A California federal judge has given preliminary approval to Marvell Technology Group Ltd.’s agreement to pay $72.5 million to end an investor class action alleging the company’s stock dropped 16 percent after inflated revenue projections didn’t pan out. The approval came two days after the company proposed the settlement and nearly two months after U.S. District Judge William Alsup certified a class of investors in their claims that the company used accounting tricks to make its financial performance look better than it actually was.
The plan stated in a motion for preliminary approval:
Lead plaintiff believes that the claims asserted in the litigation have merit and that the evidence developed to date supports the claims. However, lead plaintiff and its counsel recognize and acknowledge the expense and length of continued proceedings necessary to prosecute the litigation against defendants through trial and through appeals.
Judge Alsup has scheduled a settlement hearing for final approval on April 17, 2018, and appointed Gilardi & Co. LLC as the claims administrator for the class. The judge wrote:
The court approves, as to form and content, the notice of proposed settlement of class action … the proof of claim and release form … and the summary notice.
Plumbers and Pipefitters National Pension Fund, the lead Plaintiff, said that a settlement would help the parties avoid a long fight over the veracity of the investors’ claims. The shareholders alleged that the semiconductor company inflated its revenue figures by “cannibalizing” expected future sales and making them look like current sales, an argument the investors said was bolstered by recently proffered internal documents from Marvell’s forensic accountant, KPMG LLP.

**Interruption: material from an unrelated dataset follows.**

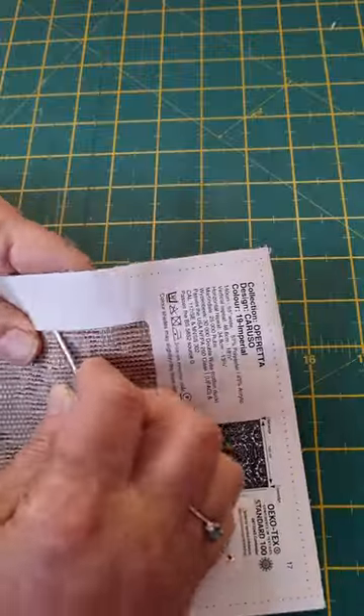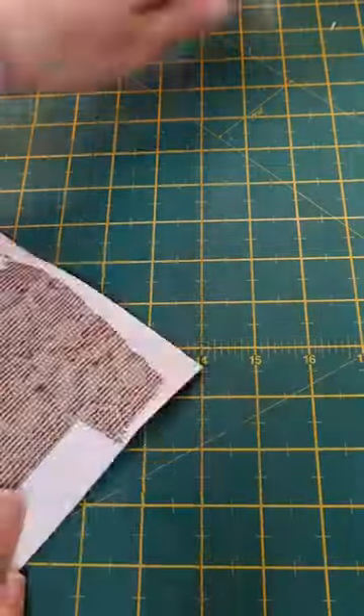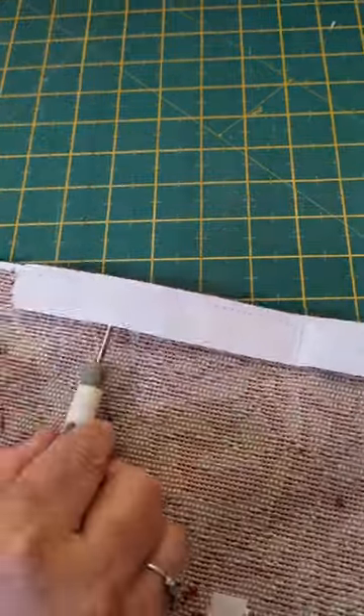Some of you have asked how I go about getting the paper from the back of these swatches that I got a few weeks ago. Take the seam ripper or the back of a blunt knife and slide it gently between the layers of the fabric and the paper, and keep on going all the way around.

The suit, filed in September 2015, claimed that Marvell borrowed from future sales to inflate its quarterly revenue numbers in U.S. Securities and Exchange Commission (SEC) filings, and that those “pull-in transactions” were the result of a numbers-obsessed culture at the company. The suit was filed soon after the company reported a loss of $382.4 million for its fiscal second quarter, a period analysts had predicted would end in a $11.9 million profit. When the news became public, Marvell stock took a 16 percent hit of $1.71 per share.

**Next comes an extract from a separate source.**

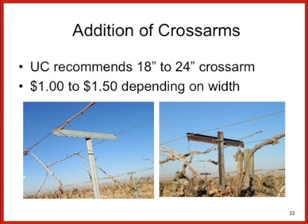The maximum cross-arm size would be 24 inches; the minimum for additional yield would be about an 18-inch cross-arm. By adding those, you would actually increase your production from a standard lower-train vineyard.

PricewaterhouseCoopers LLP, Marvell’s longtime auditor, resigned in 2015, spurring chatter about whether its management knew of its securities violations, according to the shareholders. In September, the shareholders won a bid to see some work papers from the company’s forensic accountant, court records show. In October, Judge Alsup heard arguments on why the claims should be heard as a class, and then certified a narrower than requested group, limiting the class to investors who had bought in from February 2015 to December of that year.
The shareholders are represented by Ellen Gusikoff Stewart, Jonah H. Goldstein, Scott H. Saham, Matthew I. Alpert, Carissa J. Dolan, Shawn A. Williams and Jason C. Davis of Robbins Geller Rudman & Dowd LLP; and Louis P. Malone of O’Donoghue & O’Donoghue LLP. The case is Luna et al. v. Marvell Technology Group Ltd. et al., (case number 3:15-cv-05447) in the U.S. District Court for the Northern District of California.